To make full use of the limited evaluations, the validation function is crucial for ensuring that only architecturally valid configurations are considered, allowing the algorithm to prioritize meaningful design points. To simplify the implementation, I first decoded the encoded index values into corresponding microarchitectural parameters, to enforce classes of constraints: cardinality, structural, and realism checks. Cardinality checks ensured each dimension was within its allowed minimum to maximum range. Structural constraints verified compatibility with dependent dimensions, for example L2 < L1D + L1I and  $L2 \ block \ size < 2 \times L1 \ block \ size$ . Realism checks filtered out inefficient designs like mismatched cache latencies, bottleneck scenarios like  $width > 2 \times fetch \ speed$ , and other unrealistic HW constraints.

Now, after filtering out invalid configurations, the next step is to narrow down configurations toward individual optimizations. Since exhaustively iterating through each possible configuration is infeasible especially under a 1000 evaluation limit, I narrowed it down by targeting heuristics that exploit architectural characteristics for each optimization: EDP, EDAP,  $ED^2P$ , and  $ED^2AP$ .

*EDP*, which emphasizes efficiency, naturally led me to exploit simplicity (narrow, in order, minimal HW). As supported by lectures and energy tables in prompt, narrow in order processors consume significantly less energy per cycle.

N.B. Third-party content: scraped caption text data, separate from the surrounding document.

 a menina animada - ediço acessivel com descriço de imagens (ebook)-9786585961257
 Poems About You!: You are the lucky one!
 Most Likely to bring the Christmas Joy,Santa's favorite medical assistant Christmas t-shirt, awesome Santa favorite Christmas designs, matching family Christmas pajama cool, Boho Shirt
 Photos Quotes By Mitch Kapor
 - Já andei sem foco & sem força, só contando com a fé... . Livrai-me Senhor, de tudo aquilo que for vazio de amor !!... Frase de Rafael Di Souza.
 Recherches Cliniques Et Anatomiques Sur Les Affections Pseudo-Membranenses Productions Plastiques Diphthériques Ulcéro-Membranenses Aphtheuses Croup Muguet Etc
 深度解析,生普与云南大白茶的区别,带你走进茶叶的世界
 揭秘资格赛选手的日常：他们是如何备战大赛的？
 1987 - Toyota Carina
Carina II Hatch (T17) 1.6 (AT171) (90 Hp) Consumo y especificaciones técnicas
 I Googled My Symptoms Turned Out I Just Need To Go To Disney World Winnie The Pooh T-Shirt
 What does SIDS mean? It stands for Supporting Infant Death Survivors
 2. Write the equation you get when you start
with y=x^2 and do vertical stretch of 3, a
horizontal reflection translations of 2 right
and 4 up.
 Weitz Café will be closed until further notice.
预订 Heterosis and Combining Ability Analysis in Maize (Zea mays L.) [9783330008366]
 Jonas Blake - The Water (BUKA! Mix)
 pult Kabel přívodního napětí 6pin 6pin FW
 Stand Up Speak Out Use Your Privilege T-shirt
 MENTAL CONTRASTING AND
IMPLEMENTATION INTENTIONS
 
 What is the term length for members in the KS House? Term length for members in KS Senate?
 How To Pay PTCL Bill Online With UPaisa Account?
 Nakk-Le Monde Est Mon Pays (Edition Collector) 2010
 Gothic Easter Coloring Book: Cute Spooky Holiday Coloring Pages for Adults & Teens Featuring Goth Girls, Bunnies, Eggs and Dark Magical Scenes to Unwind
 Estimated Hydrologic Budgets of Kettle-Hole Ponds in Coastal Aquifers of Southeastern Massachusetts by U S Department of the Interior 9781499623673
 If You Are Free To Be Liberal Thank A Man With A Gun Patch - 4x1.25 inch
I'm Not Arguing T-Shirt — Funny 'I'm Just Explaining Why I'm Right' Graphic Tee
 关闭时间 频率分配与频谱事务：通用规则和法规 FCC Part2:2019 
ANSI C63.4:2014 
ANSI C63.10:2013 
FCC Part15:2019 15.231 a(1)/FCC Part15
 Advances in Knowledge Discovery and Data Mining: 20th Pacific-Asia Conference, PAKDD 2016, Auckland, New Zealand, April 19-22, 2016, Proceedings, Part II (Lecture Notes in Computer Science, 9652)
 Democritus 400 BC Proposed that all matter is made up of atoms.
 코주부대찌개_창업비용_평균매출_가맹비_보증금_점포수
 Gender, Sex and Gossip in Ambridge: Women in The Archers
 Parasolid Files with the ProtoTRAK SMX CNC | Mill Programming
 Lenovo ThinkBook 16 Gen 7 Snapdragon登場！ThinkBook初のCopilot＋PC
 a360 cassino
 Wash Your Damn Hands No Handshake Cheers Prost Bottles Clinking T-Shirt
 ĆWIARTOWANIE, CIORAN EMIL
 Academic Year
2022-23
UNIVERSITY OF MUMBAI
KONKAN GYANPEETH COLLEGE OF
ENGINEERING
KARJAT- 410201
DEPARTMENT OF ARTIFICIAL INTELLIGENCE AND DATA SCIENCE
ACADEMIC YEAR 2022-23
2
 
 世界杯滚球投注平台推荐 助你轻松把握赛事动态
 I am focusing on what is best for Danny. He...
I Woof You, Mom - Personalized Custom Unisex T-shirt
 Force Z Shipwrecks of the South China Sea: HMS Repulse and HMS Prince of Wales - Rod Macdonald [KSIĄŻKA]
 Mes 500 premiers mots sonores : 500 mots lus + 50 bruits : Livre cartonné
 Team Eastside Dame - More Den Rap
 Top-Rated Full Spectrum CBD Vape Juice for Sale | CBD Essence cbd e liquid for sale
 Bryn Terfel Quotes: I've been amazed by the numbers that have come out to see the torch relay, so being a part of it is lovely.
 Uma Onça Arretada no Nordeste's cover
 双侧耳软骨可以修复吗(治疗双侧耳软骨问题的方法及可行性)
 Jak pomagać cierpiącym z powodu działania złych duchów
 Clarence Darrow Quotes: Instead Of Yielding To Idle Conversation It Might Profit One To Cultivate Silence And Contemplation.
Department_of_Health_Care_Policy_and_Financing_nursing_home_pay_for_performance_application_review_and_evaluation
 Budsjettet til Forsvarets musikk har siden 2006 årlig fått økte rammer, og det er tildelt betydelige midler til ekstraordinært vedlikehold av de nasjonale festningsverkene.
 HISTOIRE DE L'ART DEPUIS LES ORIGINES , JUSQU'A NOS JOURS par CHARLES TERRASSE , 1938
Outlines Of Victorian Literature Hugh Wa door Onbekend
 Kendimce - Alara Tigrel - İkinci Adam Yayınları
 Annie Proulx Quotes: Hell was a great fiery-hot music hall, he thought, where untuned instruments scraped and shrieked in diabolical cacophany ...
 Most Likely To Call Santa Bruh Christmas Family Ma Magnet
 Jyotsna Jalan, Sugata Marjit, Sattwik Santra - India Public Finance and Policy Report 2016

For example, the narrowest in order pipeline only consumes 8pJ, whereas the widest out of order processors consume 27pJ. Similarly smaller HW, like cache at 8KB only use 20pJ at 0. 125mW while main memory consumes 20nJ at 512mW per access.

*EDAP*, which emphasizes area, led me to exploit low footprint configurations that still look at energy and delay. I primarily selected an in order narrow pipeline since this significantly reduces area overhead. Additionally to what was learnt in class, the in order pipelines scale at  $\frac{width^2}{2}mm^2$ , while out of order pipelines begin at a  $4mm^2$  and scales exponentially.

 $ED^2P$ , which emphasizes performance, led me to prioritize wide pipelines with fast fetch speeds and out of order execution. The performance table shows how in order processors take less time per clock cycle than dynamic with the same fetch width, but as learnt in class, out of order processors exploit ILP more aggressively and though there is a 5-10 ps increase, the processors can retire more instructions per cycle since it reduces pipeline stalls and hazards. Since  $ED^2P$  enforces delay exponentially, improving IPC is more impactful than only saving a few picoseconds of cycle time.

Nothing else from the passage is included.